St. Teresa of Avila R.C. Church

A Brief History

St. Teresa of Avila R.C. Church is the story of America. It is the story of men and women who left the country of their birth and journeyed to a new land in search of opportunity and a better life—the founding Irish and Italian parishioners of St.

Teresa, facing intense discrimination in their adopted country, wanted a church of their own in which to worship.

In 1874, the Diocese of Brooklyn assigned the task of building St. Teresa of Avila to a young priest named Thomas McNamee, himself a newly arrived immigrant from Ireland. Under Father McNamee's stewardship, the founding parishioners would literally not only build the lower church with their own hands but also raise funds over the next fifty years to build a convent for the Sisters of St. Joseph, a residence for the Franciscan Brothers and two Catholic schools.
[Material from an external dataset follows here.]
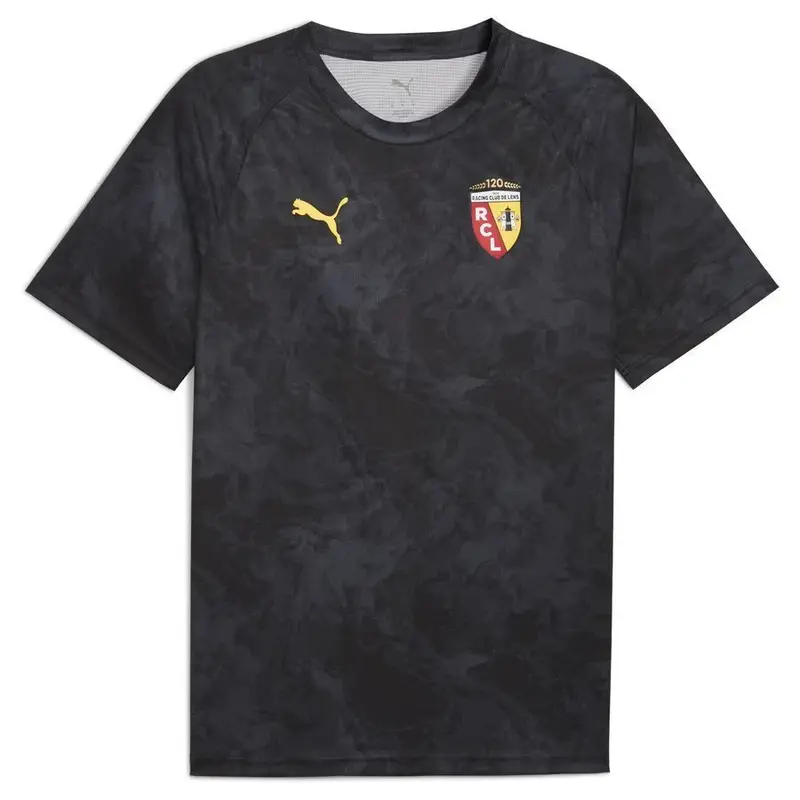 Maglia di riscaldamento RC Lens 2025/26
In 1887, the parish added a second floor to the existing church installed stained glass windows designed by the renowned Franz Mayer Studios of Munich, Germany (named by Pope Leo XIII as the company of the "Pontifical Institute of Christian Art.") Founding parishioners also raised money and built a second convent in the community for the Carmelite Nuns, an auditorium for community activities, as well as a vocational school to prepare young women for secretarial careers.

St. Teresa adheres to the mission begun by the founders as a place of worship for new immigrants. Almost a hundred years after the founding of St. Teresa of Avila, newly arriving Haitian immigrants would experience the same type of discrimination in seeking a place to worship as the church founders.

In the 1970s, St. Teresa became the first church in the United States to open its doors for worship and assistance to newly arriving Haitians.